Repressing a sardonic breath that threatens to escape her lips at the confirmation of her suspicions, the lady feels her nails digging into the wooden door. After a moment of composing herself, gaze remaining downcast to the floor, she speaks in a measured tone. “Have you arranged it already?”
“The matter has been proposed to Lord Corlys, but the betrothal will be solidified once he is freed.” It is said with such certainty that a heaviness pools about her stomach, her eyes closing briefly as she attempts to reason with herself over the marriage. It could be far worse – she had briefly wondered if her mother mind demand she marry Lord Corlys himself, despite the man being over seventy years of age. She knows little of Lord Alyn, save him not being a trueborn son of the Sea Snake nor a dragon rider. And while she is frustrated at this decision, her true worry is for another.
“And Cassia?” Her eyes finally meet her mother’s with a stubborn glint as the question leaves her lips, searching to find if yet another of her hunches shall prove true. 
“Lord Lyonel Hightower is in need of a wife, so it would seem.” Upon this matter, the lady cannot prevent the disapproving click that bounces from her tongue, fixing her mother with a glare of equal ferocity. She is nothing if not Elinor’s daughter after all. As she crosses the room towards the other woman, the reasoning she has spent many long nights sorting out is finally given voice.
“The Hightowers are already your bannermen. You need not vie for more power in their House, not when you have reminded them of the true strength of Highgarden,” After the realization that Garmund Hightower’s position as a ward of the Tyrells places the Hightowers in a delicate situation, the lady doubts any rebellions shall be happening in the coming years. Not when Lord Lyonel is still quite young and wholly inexperienced in battle. Additionally occupied with seducing his stepmother, whom he is rumored to be terribly obsessed with, and being altogether horrid to his serving staff. Surely, her mother cannot be eager to send Cassia to such a horrendous fate. Not when there might be more to be gained elsewhere. “If you use this rare opportunity to secure an alliance with a Northern House, it will extend our influence.”

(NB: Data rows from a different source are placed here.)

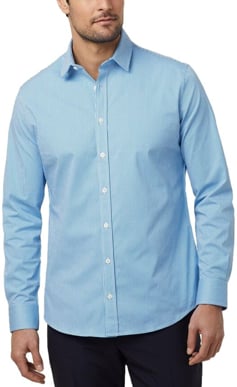 Picture of NNT Uniforms Avignon Gingham Check Long Sleeve Slim Shirt - Cyan/White (CATJDF-CYW)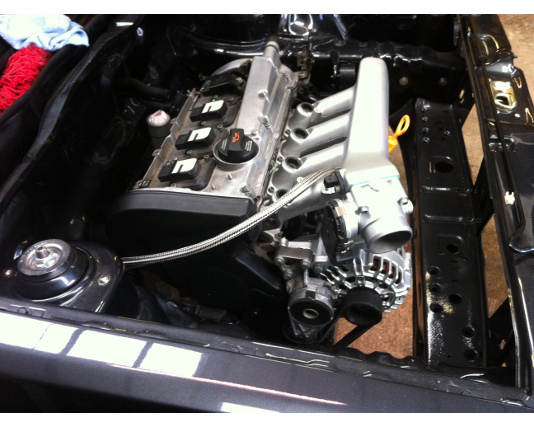 Mk1 engine bay with a 20v engine fitted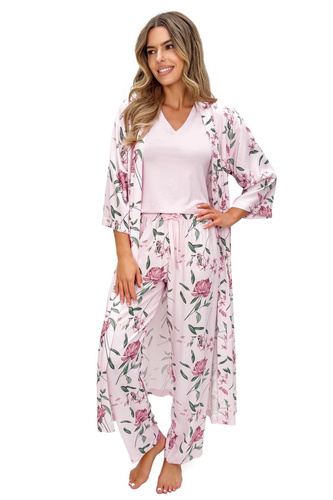 Дамска пижама Donna Gabriela Long вискоза дантела V деколте комфорт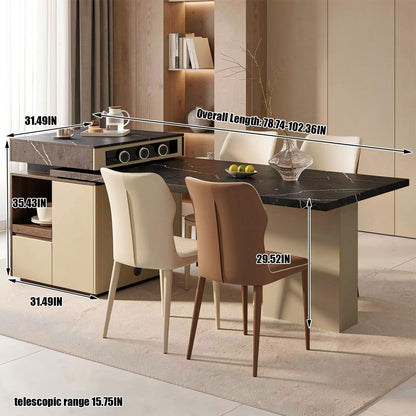 60-79"Modern Black Marble Kitchen Island with Dining Table & Built-in Power Station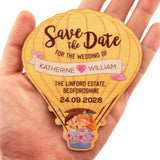 Personalized Wooden Save the Date Fridge Magnet Wedding Invitation with Cards & Envelopes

Elinor gives a scoff at this, her stare hardening as her daughter’s stubbornness is presented to her once again. While the lady has rarely argued upon orders given directly to her, she is so very insistent regarding her sister. As it has always been, the Lady of Highgarden is both impressed and annoyed by the fierceness with which her eldest child is devoted to her siblings. “Cassia does not possess the skill needed to manipulate influence so far from Highgarden.”

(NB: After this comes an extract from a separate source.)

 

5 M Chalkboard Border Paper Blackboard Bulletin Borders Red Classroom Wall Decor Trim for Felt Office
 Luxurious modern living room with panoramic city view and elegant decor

“She is young, she will learn.” The lady reasons with a soft shrugging of her shoulders, her frown deepening as she attempts to persuade her mother against such a decision. As they had taken their leave of the courtyard, the lady had noticed the gentle way Lord Blackwood had lifted her sister’s hand to his lips, and the soft delight upon Cassia’s face at the meeting. After years of searching for an acceptable match for the girl, the lady will be damned if her mother sentences her only sister to life at the mercy of an ill-tempered and spoiled lordling. 
“You were fully prepared to manipulate those in court at her age.” With a look of disbelief cast coldly to her daughter, the Lady of Highgarden squares her shoulders and tilts her head in a manner the implies she does not mean to be argued with upon the topic. Given usual circumstances, Lady Tyrell would then have lowered her eyes and her voice and deferred to her mother’s wishes. But after witnessing Helaena’s marriage, and the marriages of other ladies within the castle, she knows all too well that it is not only Cassia’s heart that is in danger. The physical suffering resulting from matches made with cruel and violent men shall last the entirety of the union. Still, blatant attitude will not convince her mother of anything. The lady’s voice simmers to a softer note.
“Cassia is…she is less like you and I, mother.” There is a fondness in her voice she cannot hide, but fear decorates the edges of her words like lace stitching. The lady cannot lose another. It would surely kill her, if she is not already dying slowly from the grief that snaps heartstring after heartstring, plucking her damaged heart like a harp. Let her bear the burden of being born a daughter, so that her sister shall not.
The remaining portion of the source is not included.